2) You decided to come to OSU to experience some of that “diversity” they’re always plugging in the brochures. But it turns out that particular type of diversity is only found in the latest version of Adobe Photoshop and a few pictures of somebody’s black cousin who attends the UO.

3) You thought that at least here you won’t be forced to smoke marijuana and protest like I hear they do at the University of Oregon. However, after three weeks of listening to your overzealous philosophy professor, you will be ready to fight the good fight against corporate America and smoke a bowl. And once you’re here, you will find plenty of things to hate about it.
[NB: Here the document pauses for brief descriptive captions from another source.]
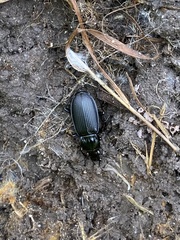 Pterostichus niger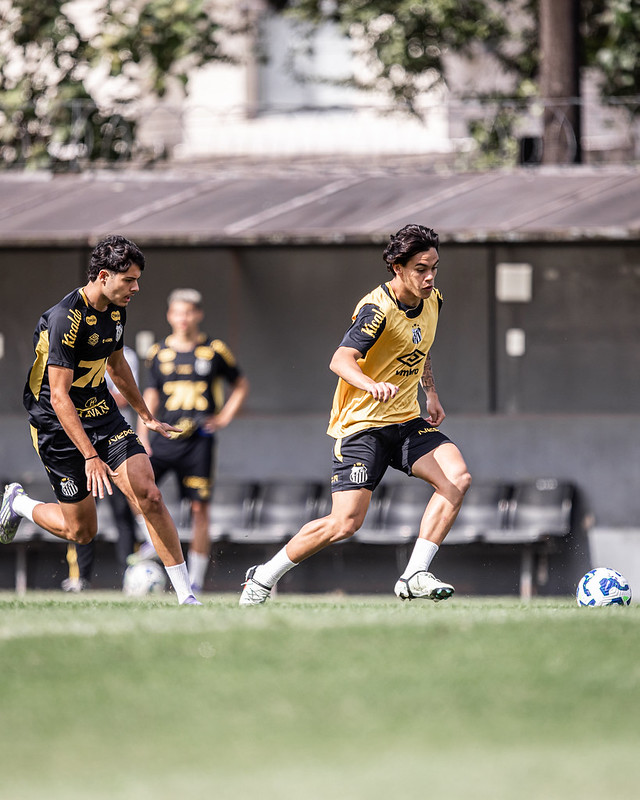Em ambiente pesado, Matheus Bachi iniciou os trabalhos no Santos para enfrentar o Bahia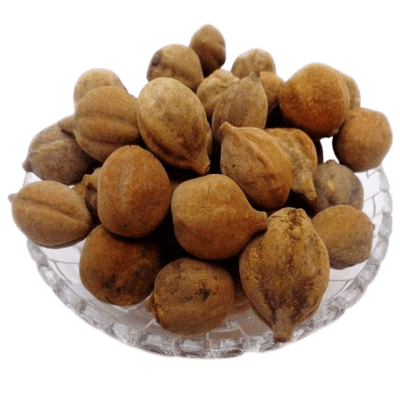 Ayurveda_AyurvedicStore_BahedaBibhitakiTerminaliabellirica.png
University Housing and Dining Services

University Housing isn’t actually a major part of the evil, but they’re apt to turn a blind eye when you’ve been sexually abused by the administration. The kind folks at the UHDS are the people that take care of your student food accounts and identification cards. They’re also the people who charge you just a penny less than your eternal soul for an ID card replacement. My advice to you: sew that friggin’ card to your forehead and proudly boast that silly-ass half-stoned grin that you’ll be showing the schlemiels at the cafeteria for the next three to four years. The sly use of the word “Dining” in UHDS is a prime example of OSU’s subliminal manipulation. “Dining” usually suggests a sumptuous meal, served with a refreshing beverage (not “drink”... beverage) and a side of good-natured ambiance that fills even the darkest and gloomiest of crevasses with a kind of wholesome virginal incandescence. Yet on most days of the week I’d settle for anything other than that fucking applesauce stuffing they’re constantly touting like it scored a 1600 on its SATs. I also refuse to believe that the assortment of sorority girls’ fractured recollections of the previous night’s unbridled beer-fueled cockfest, are radiating anything even comparable to a virginal incandescence. (I’d like to apologize to two of the girls from the Delta Delta Delta sorority house. In my defense, I think every girl coming back from the walk of shame needs to be embarrassed — but I will admit that throwing my scrambled eggs at you and shouting “J’accuse!” probably was a bit over the line.) Nevertheless, no matter how unappealing and downright offensive the food may be, there’s always someone scarfing it down like he has his execution to attend right afterwards.


The Dorms

First off, don’t expect to have any “special privileges” just because you’re paying twice as much as you would for an off-campus apartment with four times the space and without a person who, after the first month, becomes more like a cellmate than a roommate. Don’t be too surprised when you find yourself smuggling silverware up from the cafeteria downstairs. The dorms are a good first start to your college experience, but don’t become one of those people who feel like it’s all one big family. They are asking for you to beat them like an alcoholic stepfather. Another thing about the dorm life: for the most part you’ll meet some pretty cool people, but remember to establish your dominance the first day. It’s like prison: shank someone or get shanked; find a bitch or you’ll be one. If you’re one of the many Americans who enjoy getting to bed early so they can get a full night’s sleep, then file that dream under “Shit That Will Never Happen,” along with banging that hot redhead in Chemistry and the rock star fantasy you’ve had since you first mulled over the sight of 18-year-old groupies swarming around Steven Tyler of Aerosmith like rednecks at a NASCAR rally. But you can’t really get irate at these people for staying up until 4 a.m., because when your computer goes on the fritz, you’ll know whom to go to. Sure, you’ll get the customary charge of five bucks or so, but after he’s done with it, not only is your e-mail working again, but the back of your computer has enough fans, wires and black-market instruments to make Chang, your neighbor double-majoring in math and electrical engineering, close up shop and start on a theology degree.


Girls

It’s time to face it: OSU girls are a lot different than the floozies you dealt with in high school. First, you have to believe that since these girls attend college, they are sophisticated and intellectually complex — and you also have to believe that if you eat enough wild mushrooms, you really can see God, and that he’s playing foosball with David Schwimmer. OK, so maybe some of these girls aren’t that sophisticated, and when it comes to brains — well, I know a guy whom we lovingly call Acid Zeb who could probably beat these girls three out of five games at Candyland.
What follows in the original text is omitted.